Ethiopia and South Africa
From Professor C. A. W. Manning
Sir: This week's press tributes to the former Emperor of Ethiopia have duly highlighted that historic occasion when the venerable African statesman, then a fugitive from his invaded dominions, appealed in person to the League of Nations Assembly not to renege upon its undeniable obligation to sustain him. Not recalled by everyone has been the solitary voice, that of the South Africa of Generals Hertzog and Smuts, raised then in shocked dissent at what was being done. _
Historic, too, was the special audience to which her spokesman then was summoned, to receive for transmission to Pretoria His Majesty's unstinted thanks. Years later it was with the help in part of South Africa's forces that Lion of Judah was to be restored to his throne — only to become presently a founder of the Organisation for African Unity, sworn to the cleansing of the entire African continent of the last traces of white domination.

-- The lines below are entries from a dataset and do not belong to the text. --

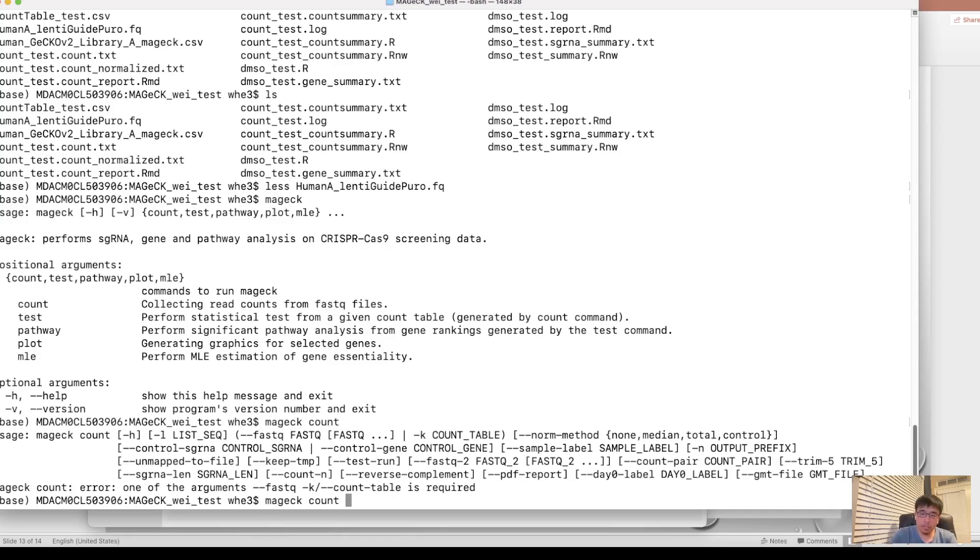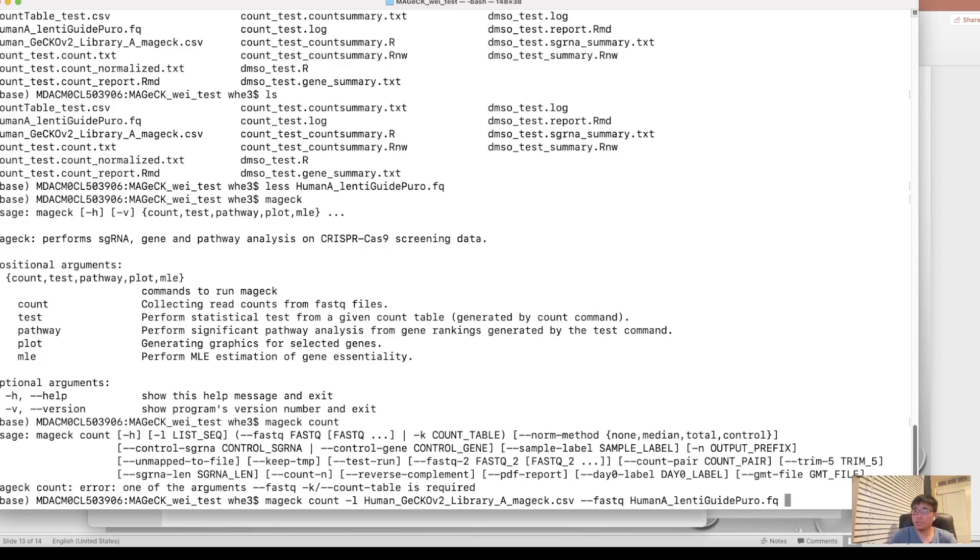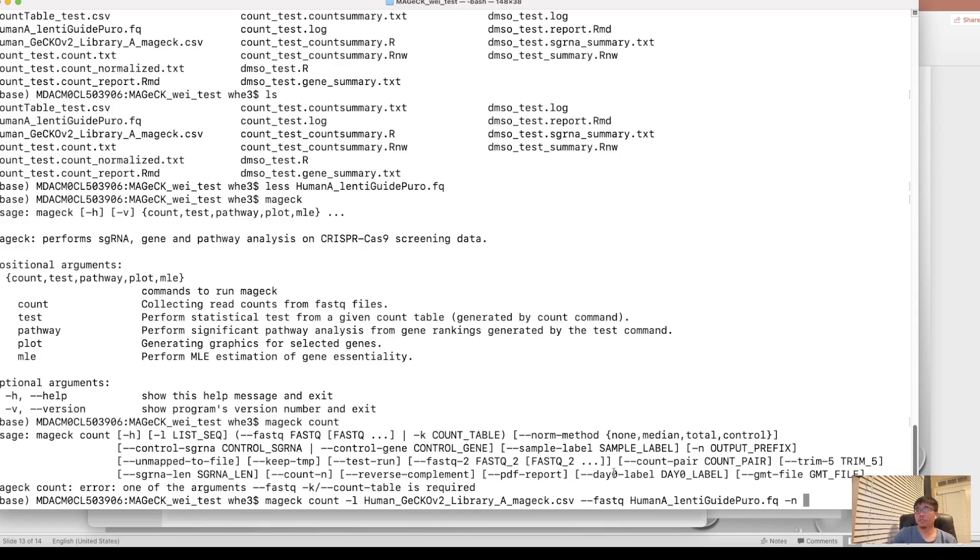First we need the L. So it's a library. So our library is this one, right? Let's copy it. And another is fastq. The fastq file is the one at human. It's fastq file. And maybe we need also parameter n is here. The n means the prefix of the file generated. You can name it by yourself, like count.test.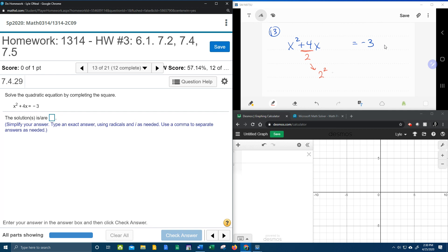4 divided by 2 is 2. That result, then you square it. And that's going to give us our new constant. 2 squared is 4.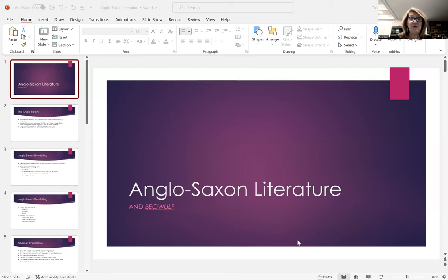So I'm going to be giving very wide strokes to this culture, to this literature, and to this poem. But even still, I think you'll find it useful and I hope it helps you enjoy Beowulf a little bit more. Okay, so I'm going to go ahead and share my screen and we can discuss the PowerPoint that I've created for you.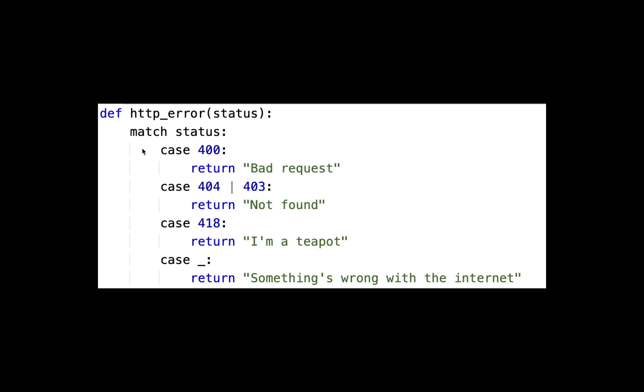This is a typical example. We have this HTTP error function that takes status. Now we are matching status. For a case of 400, it returns 'bad request'. For a case of 404, 418, and so on.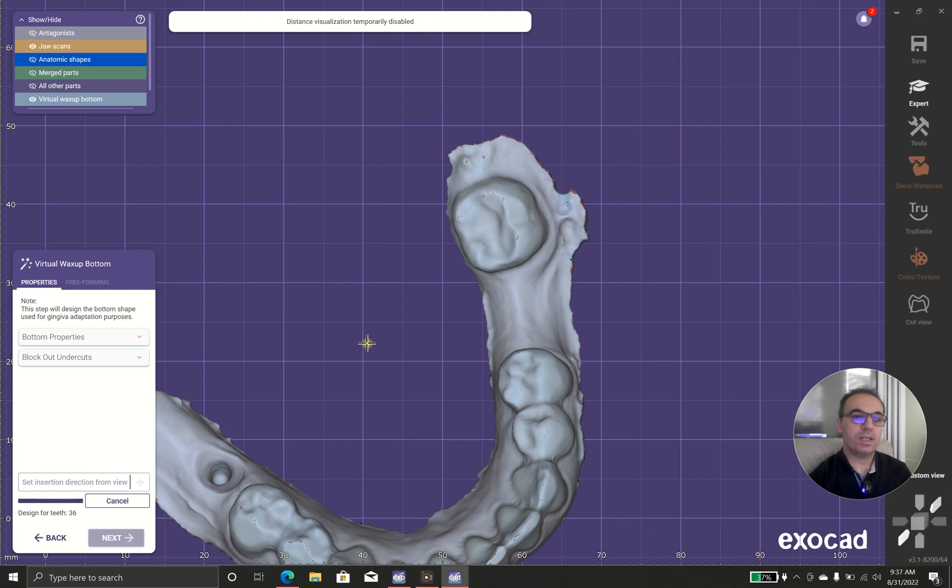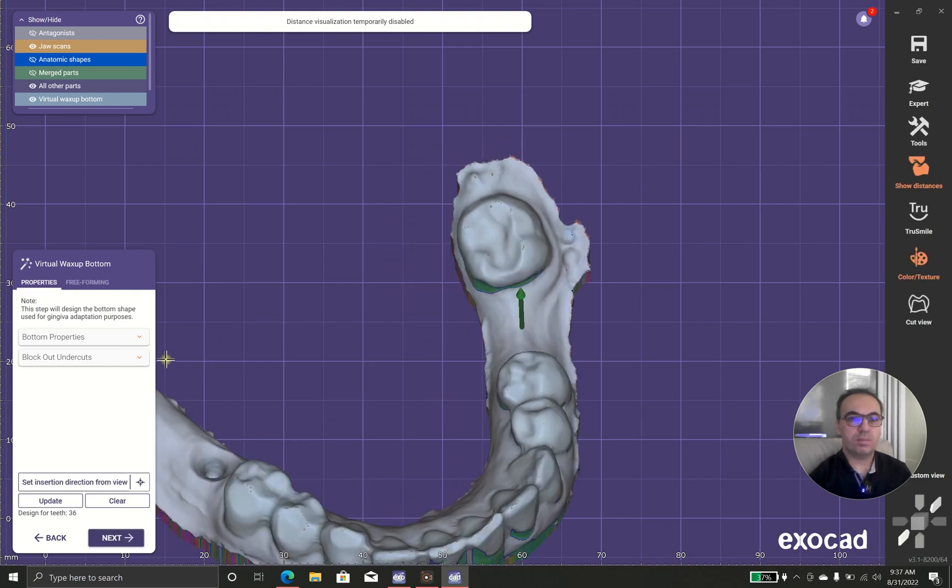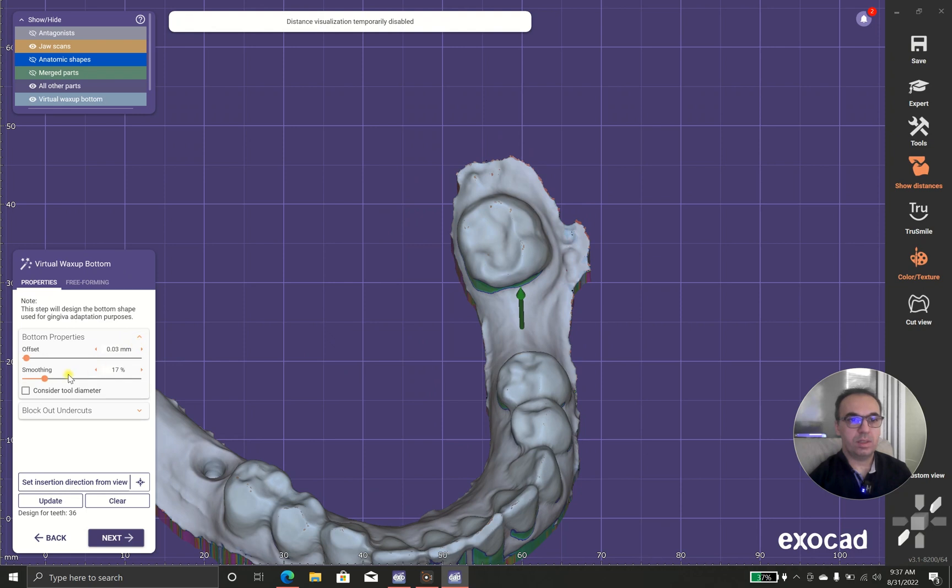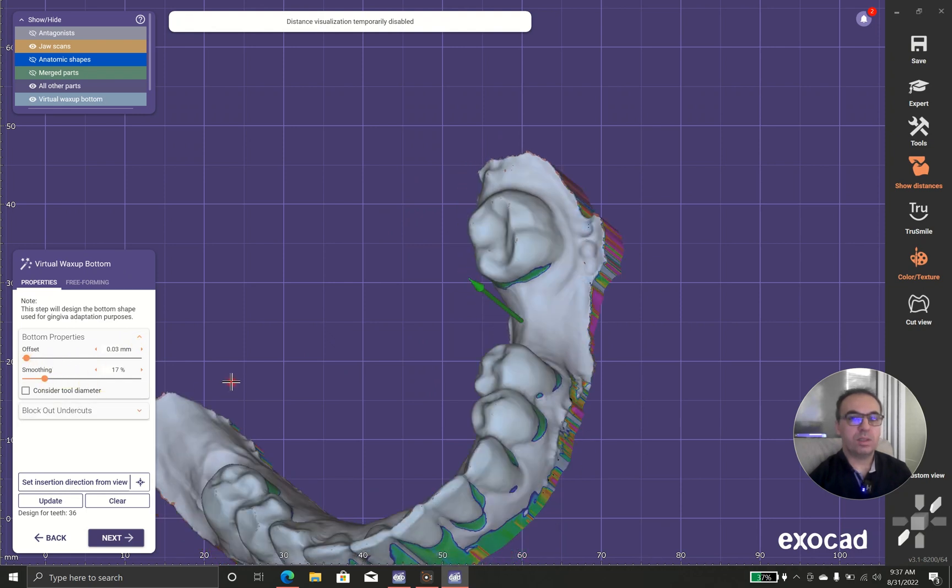This has an effect on how the blue cards are going on. You have offset and smoothing.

South Africa did not misunderstand. She knew what life was like. Had she not in the meantime listened with stoic composure while a British Prime Minister, her guest in Cape Town, discoursed upon the 'wind of change'? Now that that selfsame wind has for the second and last time swept the old monarch from his pedestal, it is as seen and heard in his finest moment, at Geneva in 1936, that she may well prefer to remember him.